Are Chinese VCs a New Source of Capital for Private Tech Growth Firms in U.S.?
As part of our “ear-to-the-ground” approach to research, we attend key conferences where leaders in the venture-backed asset class debate emerging trends and issues. We recently went to an investor conference hosted by F50 in Palo Alto and discovered a number of surprises regarding current valuation levels, a potentially “mild winter” in the venture ecosystem, and the growing impact of non-traditional venture investors. Here are our key takeaways and views on what will happen next.
Thoughts on broader VC sentiment: Among conference participants, there was a general consensus that valuation trends of the first quarter of 2017 imply healthy normalization in both the number of deals completed as well as the valuation levels for private companies. Veteran investors compared the ongoing level of activity to that of 2012–2013. In other words, valuation discipline has returned, and diligence has become important again.

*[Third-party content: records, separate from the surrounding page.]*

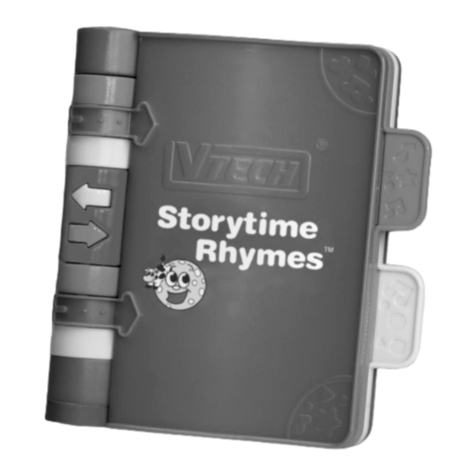 V-tech Storytime Rhymes Manuel utilisateur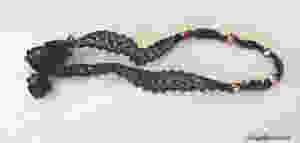 how to tie a lace necklace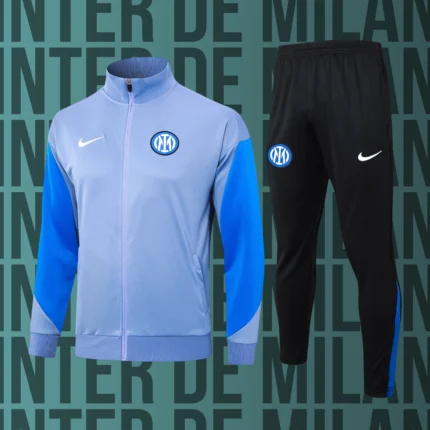 Chándal de adulto cremallera completa Inter de Milán modelo 01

Late-stage activity seems to have dipped below 2014–2015 levels, but remains clearly above 2012–2013 levels. However, the number of early-stage deals, a key leading indicator for the VC ecosystem, have declined sequentially for the past eight quarters, and they now sit at a five-year low.

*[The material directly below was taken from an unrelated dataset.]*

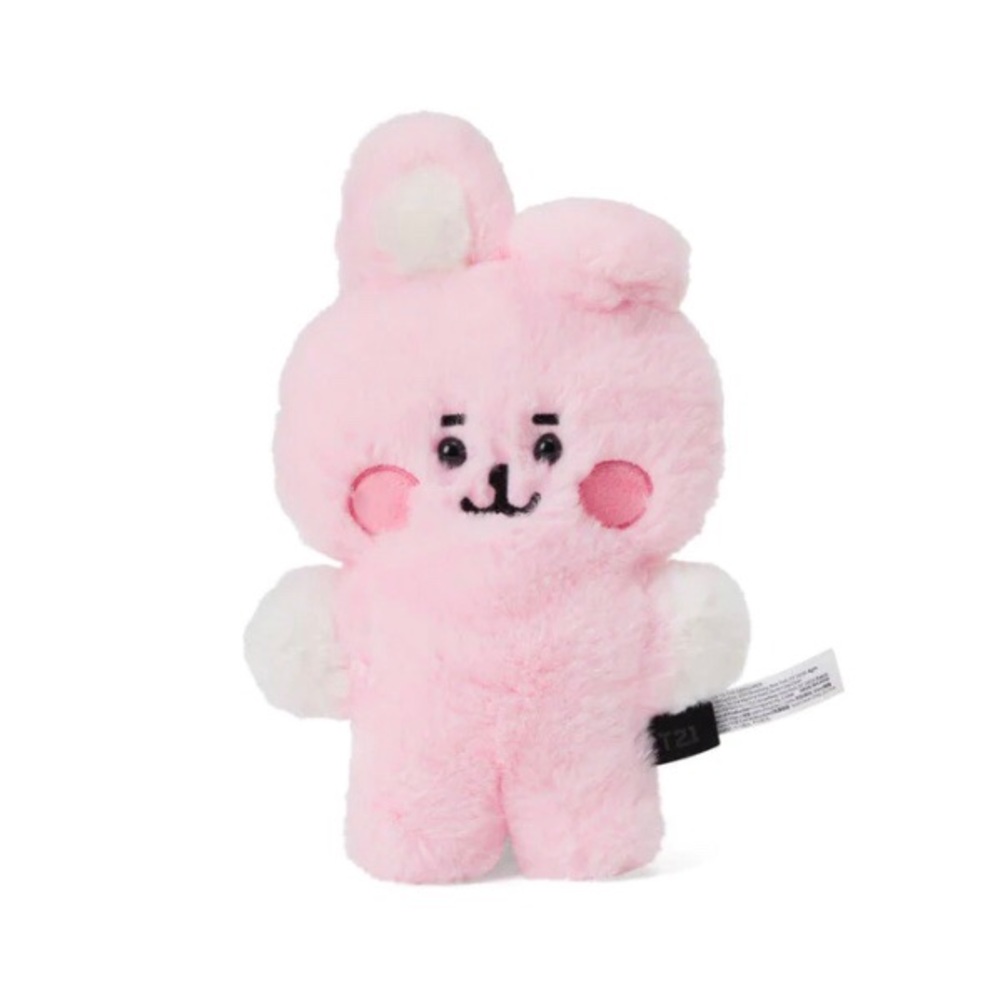 BT21 Cooky Baby Flat Fur Standing Doll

Our take: We’d characterize the venture ecosystem’s sentiment as “cautiously optimistic.” Many investors have raised large pools of capital over the past couple of years. They see the strengthening appetite for IPOs and healthy M&A activity as positive signs and offsets to the ongoing “valuation discipline.” This year is off to a strong start and suggests improving VC sentiment and fundamentals compared to Q1:2016 levels.
Growing interest among international and non-traditional investors: Sovereign wealth funds (SWFs) are increasingly interested in this asset class. Investors from Malaysia (Khazanah) and Abu Dhabi (Mubadala) said they have started forming deeper relationships with key stakeholders in the Valley. We believe that private tech companies make up only a tiny fraction of investment portfolios for SWFs. Most funds have invested in conventional, fixed-income, and equity investments, and long-term projects like hotels, shopping centers, and ports. According to the market research firm Sovereign Wealth Fund Institute, fewer than 15 of the world’s 80-ish SWFs have made sizeable investments in private tech companies to date. However, that is starting to change. SWFs are clearly moving toward more allocation in alternative investments. This change in asset allocation strategy is part of a broader trend among global institutional investors to seek better returns against the backdrop of lower investment performance from public markets.
Our take: There is a clear love-hate relationship between classic Sand Hill Road VCs and deep-pocketed SWFs. Private tech companies still make up only a tiny fraction of the investment portfolios of SWFs. However, in the past 12 months, several SWFs (Singapore, Norway, Qatar, and Malaysia) have set up shop in the Valley, and they have the dry powder to exert their influence on the private tech investment landscape over the next several years to come.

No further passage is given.